[Opening Data shown section]
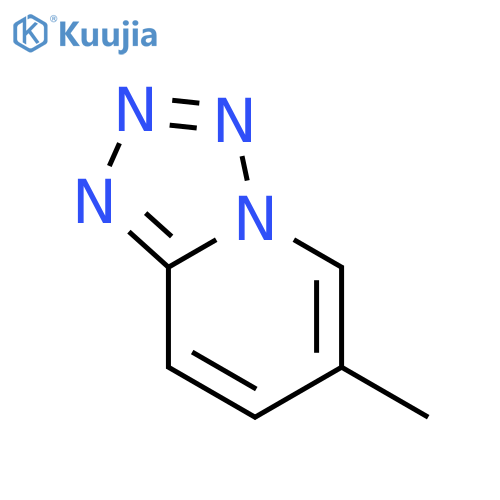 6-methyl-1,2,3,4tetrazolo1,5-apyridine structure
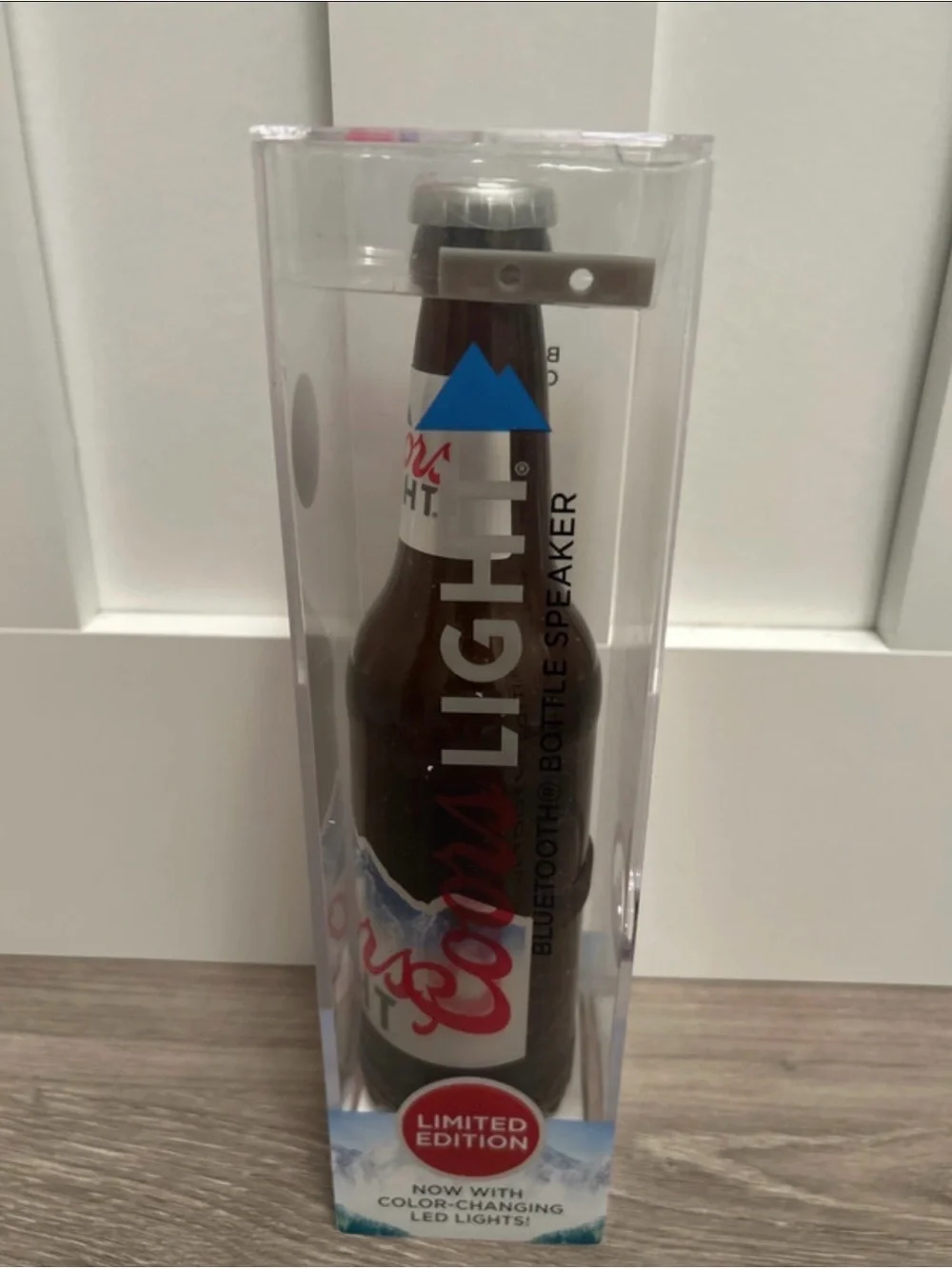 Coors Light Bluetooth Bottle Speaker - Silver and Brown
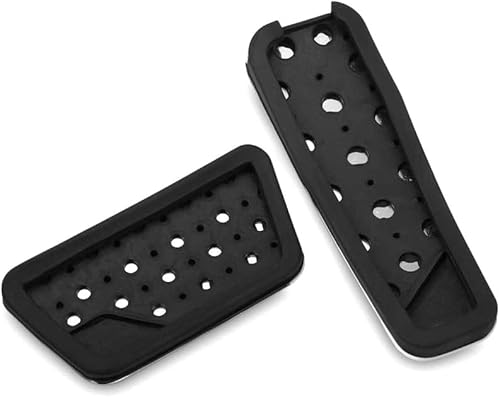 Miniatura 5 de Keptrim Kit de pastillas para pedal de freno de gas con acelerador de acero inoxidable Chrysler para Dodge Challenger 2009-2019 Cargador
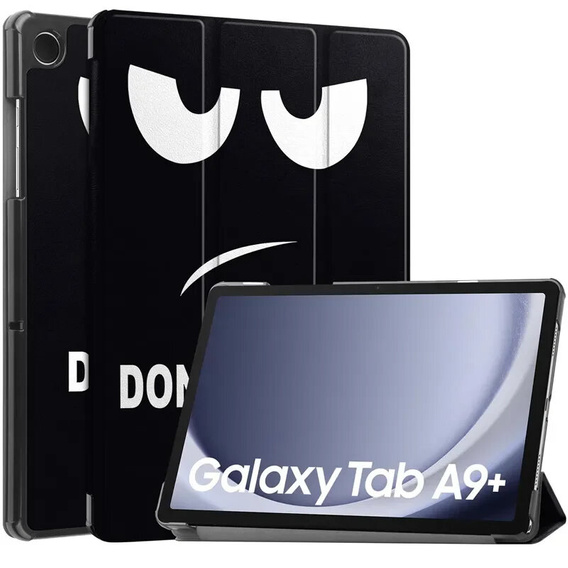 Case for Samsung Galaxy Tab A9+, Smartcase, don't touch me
[Closing Data shown section]
## Problem
An exact copy of the lines above, from the first through the line that holds "Miniatura 5 de", is what is needed; leave the pictures out.

## Output for this exercise
 6-methyl-1,2,3,4tetrazolo1,5-apyridine structure
 Coors Light Bluetooth Bottle Speaker - Silver and Brown
 Miniatura 5 de Keptrim Kit de pastillas para pedal de freno de gas con acelerador de acero inoxidable Chrysler para Dodge Challenger 2009-2019 Cargador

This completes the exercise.